А шрамом хотя бы гордиться можно будет — людей со следами под ключицами гораздо меньше, чем могил на кладбищах.

 

На восстановление уходит чуть больше двух недель: тонкая кожа постепенно срастается и на когда-то чистой груди появляется грубовато выведенная буква Т, бледнеющим багровым выделяющаяся на светлом. Тэхен старается особо не бередить сознание, поэтому после выписки сидит дома или гуляет в ближайшем парке — с друзьями по мере возможности не пересекается. Хосокова сестра иногда пишет ему в чате, аккуратно и ненавязчиво проверяет самочувствие и каждый раз спрашивает, не нужно ли чего.

 

Тэхену ничего не нужно.

 

От общей апатии он решает спастись в одном из новых баров — неоновый, симпатичный и какой-то изысканный, что ли, он Кима устраивает. И бокалы прикольные. Напиток за напитком повышают в Тэхене лишь градус алкоголя и желание поныть, но девушка за стойкой занята клиентами, а к другим посетителям парень лезть не хочет.

 

Тем не менее, Тэхен еще недостаточно пьян, когда к нему подсаживается длинноногое чудо с мятного цвета андеркатом на башке и очками без стекол на носу.

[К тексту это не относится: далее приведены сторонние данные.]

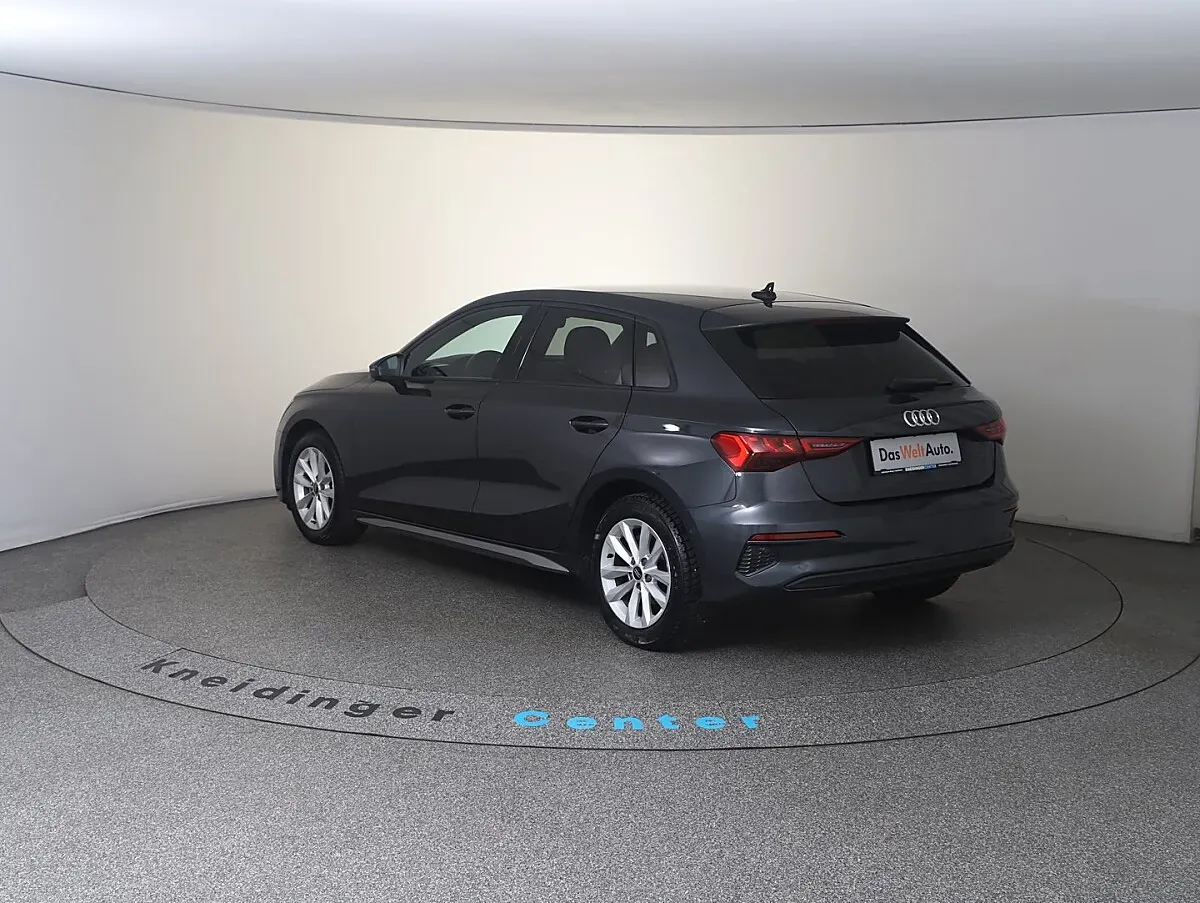 Audi A3 2022 photo 2
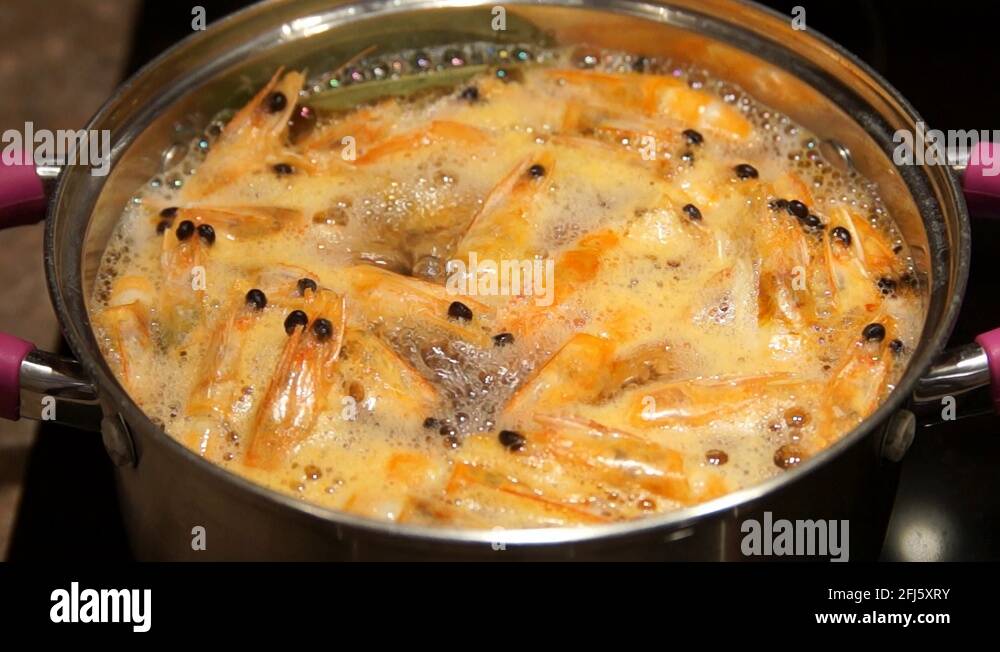 Canola oil boiling Stock Videos & Footage HD and 4K Video Clips Alamy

Чудо, развернувшись к стойке боком, тянет лапищу и басит хриплое «Намджун», но Тэхен не будет Тэхеном, если не хихикнет и не отвернется обратно к голубой трубочке, предварительно смерив прищуренным взглядом беспардонного парня.

 

Намджун пожимает сам себе плечами и — Тэхен видит краем глаза — усмехается до ямочки на щеке. У Кима внезапно дикое желание ткнуть в нее пальцем, и он себе в нем не отказывает. Новый знакомый дергается от неожиданности, чуть не падая с высокого стула, и Тэ цепляется взглядом за на секунду мелькнувшую в свободном вороте футболки алую горизонтальную полосу.

 

- Я Тэхен.

 

Намджун кивает приветственно и просит бармена повторить.

 

Тэхену двадцать два, он молодой и свободный, пьяный слегка и, как ему кажется, влюбчивый.